Tim Sherwood's been, in a number of ways, quite lucky this season. But that luck's quickly running out.
Yes! You lucky people get another Tim Sherwood article and a long overdue one too, as everybody's favourite loud mouth manager's been out of the press a bit of late. That, in case you were wondering, has been his good luck. Unfortunately, he's going to be smack-bang in all of the rumour columns at the end of the international break.
Villa have had a terrible start to the season by just about any measure. They have won a game, which is more than Newcastle or Sunderland below them can claim, but they've also lost more often than either of the North-East based shambles. Since that opening day win away to Bournemouth, no team in the Premier League has been worse than them. Villa Park is less of a football ground than it is a venue for group mourning this season. There have been reports of fans going en masse to funerals just to watch something a little less depressing.
And yet, Sherwood hasn't taken the battering from the media that befits a manager in his position. Why not?
Well, he's one of the few people in English football at the moment who owes a debt to Brendan Rodgers and Jose Mourinho, with maybe a little tip of the cap to Dick Advocaat. Even in this content-hungry modern world, there's only so much that can get covered and for once in his career, Sherwood is by far the least interesting story.

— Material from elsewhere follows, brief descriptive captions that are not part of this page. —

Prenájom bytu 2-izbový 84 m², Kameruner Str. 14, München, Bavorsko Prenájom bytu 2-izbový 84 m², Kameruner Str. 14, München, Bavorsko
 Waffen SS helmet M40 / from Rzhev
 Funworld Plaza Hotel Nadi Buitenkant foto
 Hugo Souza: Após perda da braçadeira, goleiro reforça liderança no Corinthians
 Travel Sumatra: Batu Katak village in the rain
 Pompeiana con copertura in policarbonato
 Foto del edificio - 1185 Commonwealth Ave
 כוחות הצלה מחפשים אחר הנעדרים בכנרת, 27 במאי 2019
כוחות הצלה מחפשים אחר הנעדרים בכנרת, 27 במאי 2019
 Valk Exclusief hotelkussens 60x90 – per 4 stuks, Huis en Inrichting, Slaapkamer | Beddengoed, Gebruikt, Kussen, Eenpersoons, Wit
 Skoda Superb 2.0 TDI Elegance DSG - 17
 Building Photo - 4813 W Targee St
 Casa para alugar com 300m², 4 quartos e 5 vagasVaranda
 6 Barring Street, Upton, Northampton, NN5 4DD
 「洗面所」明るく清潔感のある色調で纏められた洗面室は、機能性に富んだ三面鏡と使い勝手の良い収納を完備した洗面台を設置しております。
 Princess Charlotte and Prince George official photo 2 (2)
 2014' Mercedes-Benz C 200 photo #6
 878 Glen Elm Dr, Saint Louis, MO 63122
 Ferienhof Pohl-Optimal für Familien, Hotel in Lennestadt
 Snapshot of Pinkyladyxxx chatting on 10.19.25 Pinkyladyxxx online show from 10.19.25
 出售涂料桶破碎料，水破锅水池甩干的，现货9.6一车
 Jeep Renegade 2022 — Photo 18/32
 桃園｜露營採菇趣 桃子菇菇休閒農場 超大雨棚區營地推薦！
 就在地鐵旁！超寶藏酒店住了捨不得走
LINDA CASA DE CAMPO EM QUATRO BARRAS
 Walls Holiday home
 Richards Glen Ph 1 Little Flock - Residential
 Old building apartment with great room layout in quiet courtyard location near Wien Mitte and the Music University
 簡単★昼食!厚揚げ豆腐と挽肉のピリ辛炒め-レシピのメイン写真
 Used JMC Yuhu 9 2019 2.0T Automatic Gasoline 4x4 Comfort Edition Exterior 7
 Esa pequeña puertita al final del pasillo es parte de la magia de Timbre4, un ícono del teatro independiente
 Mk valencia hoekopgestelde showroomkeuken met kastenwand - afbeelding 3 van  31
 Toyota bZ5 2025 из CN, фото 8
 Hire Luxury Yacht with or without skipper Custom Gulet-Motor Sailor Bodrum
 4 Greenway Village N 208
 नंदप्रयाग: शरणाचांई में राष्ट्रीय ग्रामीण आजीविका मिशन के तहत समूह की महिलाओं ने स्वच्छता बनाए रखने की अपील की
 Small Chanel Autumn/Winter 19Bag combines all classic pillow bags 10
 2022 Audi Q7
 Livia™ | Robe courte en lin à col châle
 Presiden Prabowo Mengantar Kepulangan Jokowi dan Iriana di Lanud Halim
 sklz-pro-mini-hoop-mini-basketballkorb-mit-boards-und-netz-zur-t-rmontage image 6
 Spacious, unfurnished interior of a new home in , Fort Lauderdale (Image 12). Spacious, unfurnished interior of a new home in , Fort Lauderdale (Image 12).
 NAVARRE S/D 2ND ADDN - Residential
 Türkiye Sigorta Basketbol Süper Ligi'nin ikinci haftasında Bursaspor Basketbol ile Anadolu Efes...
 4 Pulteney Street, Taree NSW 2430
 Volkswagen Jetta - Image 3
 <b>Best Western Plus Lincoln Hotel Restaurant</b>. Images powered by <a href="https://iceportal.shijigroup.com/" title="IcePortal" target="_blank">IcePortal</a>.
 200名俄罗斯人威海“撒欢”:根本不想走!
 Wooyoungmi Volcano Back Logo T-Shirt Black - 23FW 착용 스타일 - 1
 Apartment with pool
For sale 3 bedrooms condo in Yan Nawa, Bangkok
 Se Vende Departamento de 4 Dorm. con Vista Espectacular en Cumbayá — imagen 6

Almost every single traditional reason to cover Sherwood could be applied better elsewhere. Villa have had bad results? Well, Sunderland are bottom of the table without a win. They spent a lot of money this summer? Let me just show you Liverpool's balance sheet this summer. He says wacky things in the press? You've clearly yet to be introduced to a man called Jose Mourinho...
Sherwood's window of safety is rapidly slamming shut, though. Advocaat and Rodgers are gone - the former walking, the latter getting pushed - and speculation about their respective replacements isn't going to take up the back pages for long. Sherwood's now third-favourite to be the next Premier League manager to leave his job, and those odds will shrink rapidly once the press really sink their teeth in.
Does he deserve the hailstorm of speculation that's going to come his way? After all, he did save the club from relegation a few months ago didn't he?
As ever, the answer's not a straightforward yes or no. The change in manager did help results turn around, but five wins and seven losses in thirteen games is hardly a miraculous record. Especially when some of those losses came to a dreadful Newcastle and a Burnley side who still got relegated. Oh, and there was the 6-1 hammering from Southampton. Then there was the 3-3 draw at home to a QPR team who lost 16 of 19 on the road all season.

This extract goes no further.